The recession has hit galleries hard. Many have gone under, while others continue to be precarious and struggle.

At the same time I've been looking at how major museums and art galleries have the potential to create a major economic benefit within a city in terms of the people they attarct - who of course all spend money in one way or another.

I've also been particularly impressed recently to find that London enjoys an unparalled position in the world in terms of being home to many great art museums and galleries and places where major exhibitions are shown.
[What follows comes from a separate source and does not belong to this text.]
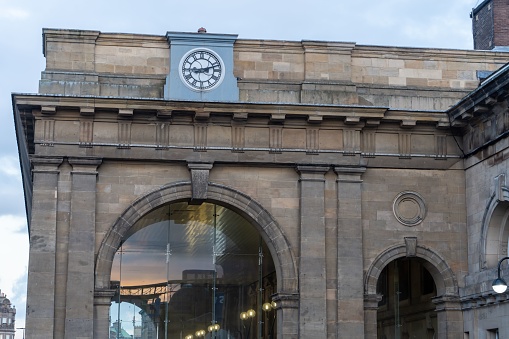 NEWCASTLE UPON TYNE, United Kingdom – November 03, 2022: Newcastle Central railway station entrance with clock and arches, in Newcastle upon Tyne, UK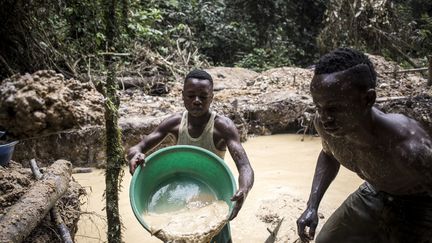 Des hommes recherchent des poussières d'or dans une mine artisanale en RDC, dans la province de l'Ituri. En une semaine de travail, ils vont récupérer au mieux six grammes d'or. (JOHN WESSELS / AFP)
At the same time I was really surprised that more USA cities did not feature as homes to the Top 10 art galleries and museums.

The Tate in London (Tate Modern and Tate Britain combined) is way out in front in terms of being the number one museum in the UK. It had 6,235,536 visitors in 2008/9 (that's 6.2 MILLION visitors - just in case you missed the commas).

As an individual museum, Tate Modern is #4 in the world in terms of visitor numbers
In just eight years Tate Modern has changed London and revitalised the South Bank of the Thames.
Transforming Tate Modern
At the moment Tate Modern is planning a major transformation and an expansion of its building to optimise its use of space on its site and take care of the ever increasing number of visitors.

It's certainly the case that, combined with the Millenium Bridge which now provides ready access from the City, the creation of Tate Modern has helped to transform the South Bank of the Thames east of the National Theatre and west of London Bridge.
  • Tate Modern is one of the UK's top three tourist attractions
  • Two million people have taken part in Tate Modern's education programmes
  • Tate Modern generates £100m in economic benefits to London annually
  • Tate Modern has generated 4,000 new jobs, mostly in the Southwark area
  • Time Out readers nominated Tate Modern as their favourite London building
  • 60% of visitors to Tate Modern are under 35
Transforming Tate Modern
Its expansion will provide a magnet for yet more artistic development (although how well this will be managed is another matter!).

What's important though is the huge impact that a major museum can have on the way both central and local government looks at art and its capacity to be a regenerative force for good.

Tate Modern People
11.5" x 8.5", pen and sepia ink and coloured pencils in sketchbook

copyright Katherine Tyrrell

Questions for you

  1. Could your local city (or town) do more to promote the visual arts economy?
  2. What needs to be transformed?
  3. Who needs to do what to transform your town - with the help of art and artists?
  4. What sort of activities might generate residents and/or visitors who spend money and create jobs and economic benefits for the local community?
The readers of my blog have a great track record in coming up with thoughtful responses - from the simple point to the complex response. I look forward to reading them all - bring it on!